Quand la question de la succession du Saint-Père commence à se poser, Smahi se place instinctivement du côté de la fille plutôt que de celui de Bruno Gollnisch, le bras droit. Jusqu’au fameux congrès de Tours de janvier dernier donc. A cette occasion, Smahi, persuadé de conserver son poste au Bureau Politique décide contre toute attente de soutenir Gollnisch. Face à lui, attablé un jeudi matin dans ce café sans âme de la Place de la République, je lui demande sans pincette comment peut-on faire un calcul aussi mauvais en ayant plus de vingt ans de politique dans les pattes. Le gaillard, les yeux embrumés, la voix emplie de tristesse me répond simplement « De par sa fidélité, je ne voulais pas que Bruno fasse un mauvais score. » La suite est connue. Smahi apprend son éviction entre deux discours, pète son câble, déverse un lot d’inepties sur un complot juif et s’auto-exclus du parti, donnant à Marine – sans pitié – un motif inespéré pour se débarrasser d’un élément devenu obsolète, un frontiste qui a échoué à séduire la population française d’origine arabe.
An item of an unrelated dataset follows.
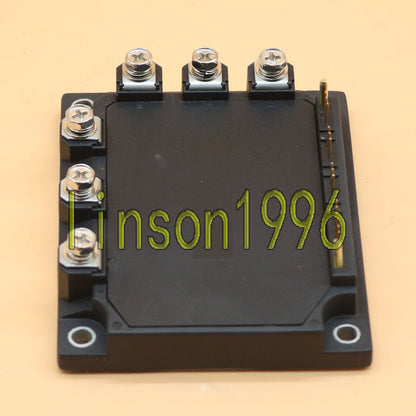 new One Fuji 7MBP160RTA060-01 IGBT MODULE - ONE FUJI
Après avoir laissé Smahi – plus par tristesse pour lui que par mimétisme – je me suis laissé envahir à mon tour par un sentiment confus. J’ai marché vers Goncourt, un peu hagard, en pensant à ce type complètement paumé, à sa détresse qui m’a sincèrement fait de la peine. Aujourd’hui, Farid Smahi est logiquement empli de rancoeur contre ses prétendus amis frontistes d’hier, contre les Jean-Marie Le Pen et les Bruno Gollnisch qui ne l’ont jamais rappelé depuis. A ce ressentiment se mêlent sans doute aussi des regrets douloureux comme de l’eau de mer qu’on applique sur une plaie à vif; c’est qu’à cinquante-sept ans, il est sans doute trop tard à pour recommencer une carrière politique. Farid Smahi est aujourd’hui un individu à la dérive qui défend encore certaines idées par automatisme mais donne le sentiment de ne plus savoir où il en est, allant jusqu’à louer les qualités d’un Nicolas Dupont-Aignan, cinq minutes après m’avoir lu une citation d’un Alain Soral réussissant l’exploit de placer « complot juif », « francs-maçons » et « conflit des civilizations » en trois phrases. Smahi le dit lui-même, il est une bête blessée. Mais là, assis face à Smahi, on croit entrevoir au fond de ses yeux le petit garçon qui a grandi à Lyon et a fait une grosse bêtise. On en viendrait presque à lui souhaiter le droit à la rédemption, le droit de purger ses erreurs et repartir sur un bon pied, du bon côté. Au cours d’un autre entretien, c’est finalement Jean-Yves Camus, politologue spécialiste de l’extrême droite française, qui s’est chargé d’abattre la bête verbalement. « Ses tentatives de capter une partie de l’électorat d’origine arobo-musulmanes ont complètement échoué. Il ne faut pas être grand sorcier pour savoir pourquoi.Quand on est effectivement d’origine maghrébine et qu’on devient non pas seulement militant du Front mais un élu pendant aussi longtemps, on finit quand même par se poser la question de savoir à quoi on sert ? Visiblement ou il ne se l’est pas posée, ou la réponse qu’il a apporté était pas la bonne. » L’histoire de Farid Smahi est peut-être simplement celle d’un type qui se serait fourvoyé sur la manière de tirer profit de son intelligence.